Work required: A faithful copy is needed of the lines below from the one with "Anastasius I., 491-518." up to and including the one with "儿童多巴胺撞色透气软底运动鞋2026春季新款防滑男女童跑步休闲鞋"; set it down with no pictures and no other lines.

Given records:
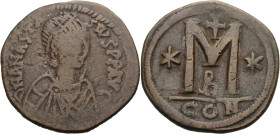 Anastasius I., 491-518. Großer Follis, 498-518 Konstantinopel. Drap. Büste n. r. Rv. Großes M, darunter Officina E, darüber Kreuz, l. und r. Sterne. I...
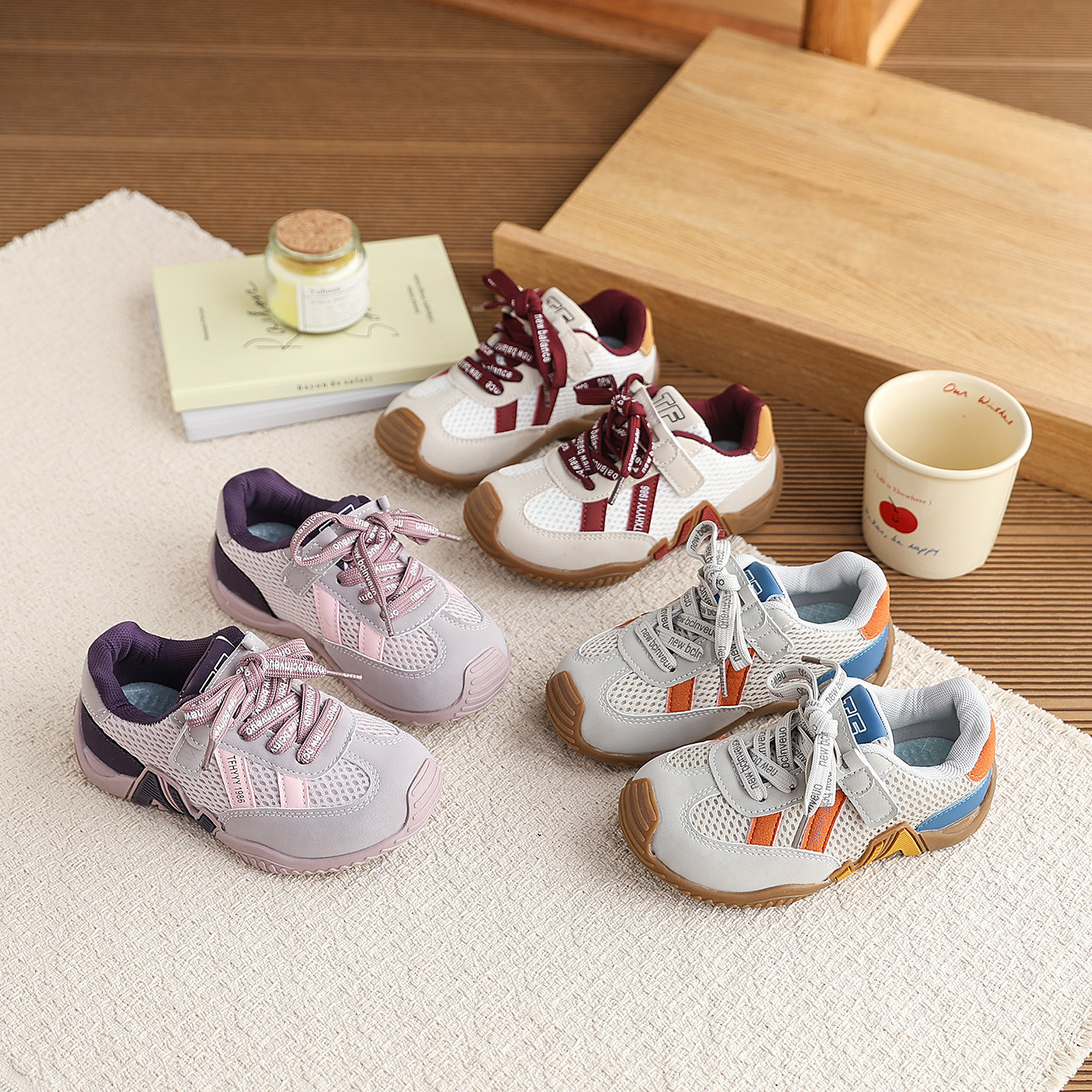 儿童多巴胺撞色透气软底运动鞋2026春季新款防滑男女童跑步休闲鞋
==
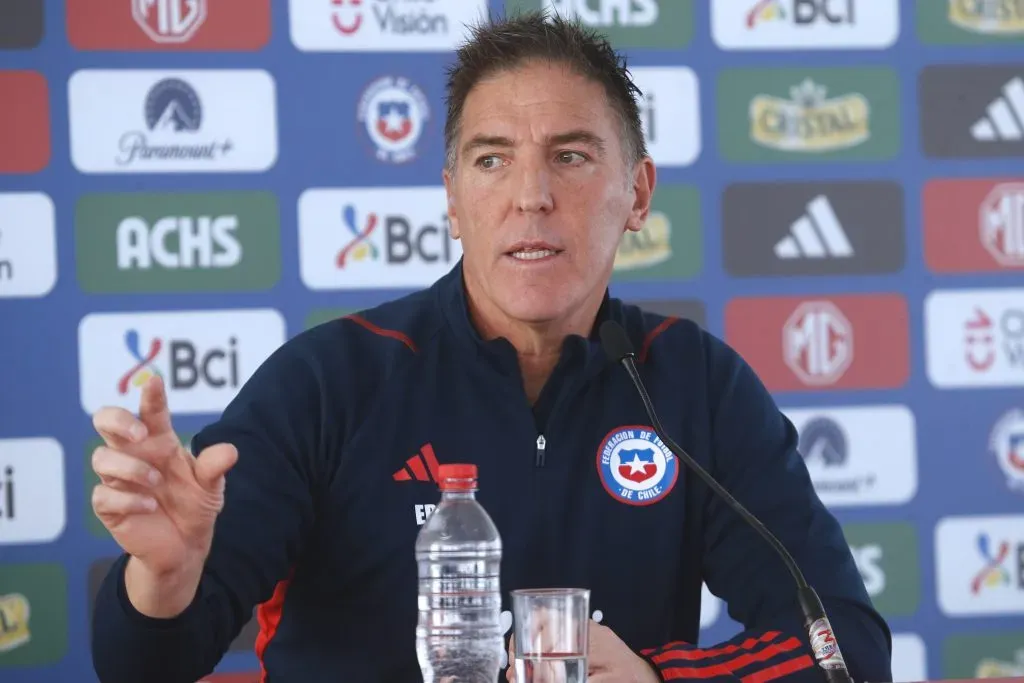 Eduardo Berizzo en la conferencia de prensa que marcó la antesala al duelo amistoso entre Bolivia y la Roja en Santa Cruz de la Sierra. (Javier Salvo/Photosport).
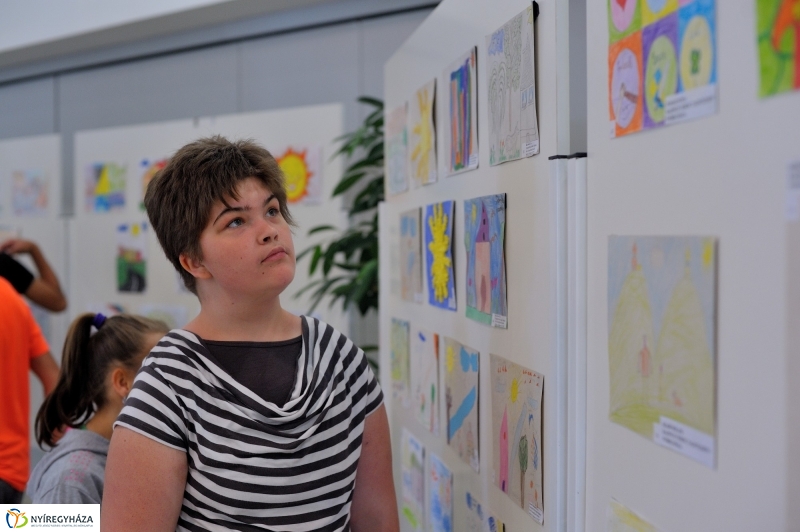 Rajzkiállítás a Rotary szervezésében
...
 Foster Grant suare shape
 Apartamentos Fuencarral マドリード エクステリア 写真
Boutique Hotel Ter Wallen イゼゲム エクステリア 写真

Response below:
 Anastasius I., 491-518. Großer Follis, 498-518 Konstantinopel. Drap. Büste n. r. Rv. Großes M, darunter Officina E, darüber Kreuz, l. und r. Sterne. I...
 儿童多巴胺撞色透气软底运动鞋2026春季新款防滑男女童跑步休闲鞋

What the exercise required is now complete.